Document Type

Article

Publication Date

2020

DOI

10.7557/23.6360

Publication Title

Eludamos: Journal for Computer Game Culture

Volume

11

Issue

1

Pages

145–159

Abstract

Though no field or discipline’s historical vector presents itself as a strictly linear building of knowledge, the historical trajectory of Game Studies is problematic: certainly not linear, yet also not even multiplicious or rhizomatic. Instead, we are cyclical. Past debates often re-emerge, zombie-like, muttering the same arguments, often encased in binaries as endemic to our field as they are to the objects we study: unbridgeable disagreements on fundamental concepts; incompatible ontologies and epistemologies; incommensurability writ large.
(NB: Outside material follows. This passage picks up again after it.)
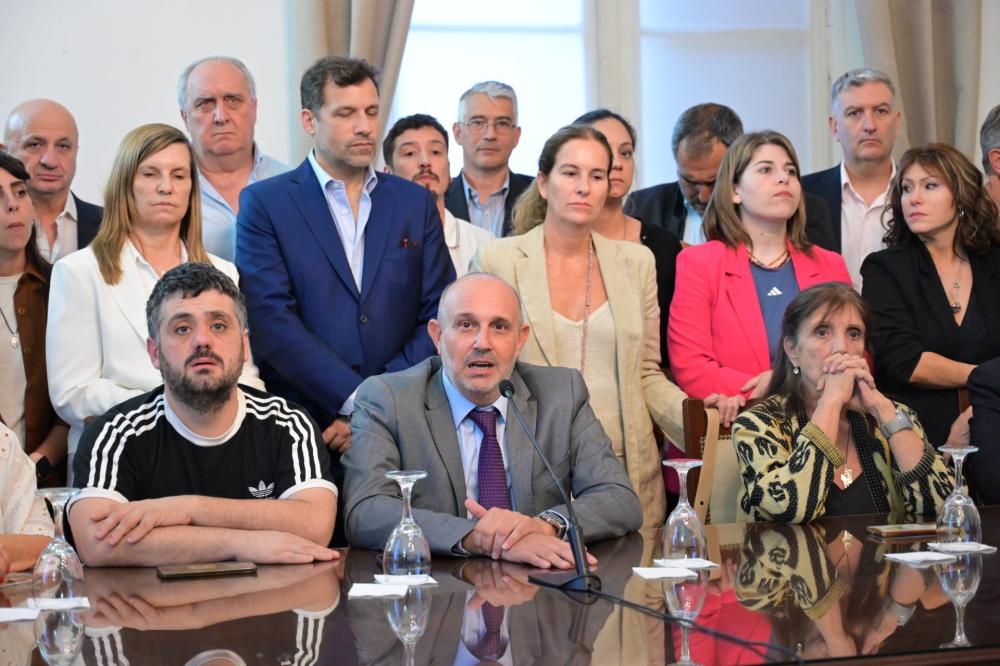 El oficialismo advierte que en enero seguirá a full para aprobar el triplete de Kicillof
We view this as a chronic issue which has of late culminated in a crisis, exacerbated by changing institutional prerogatives championing multidisciplinary approaches and demands for “public impact”. This article takes a metaphysical approach, performing a meta-review to search for the root cause of our field’s cyclical nature. We identify and explore a key issue, namely our continuing status as pre-paradigmatic field, and ask questions designed to provoke ways forward, to provide more inflection points and fewer endless loops.

Comments

Copyright © by Marc Ouellette and Steven Conway

Included with kind permission from the author(s).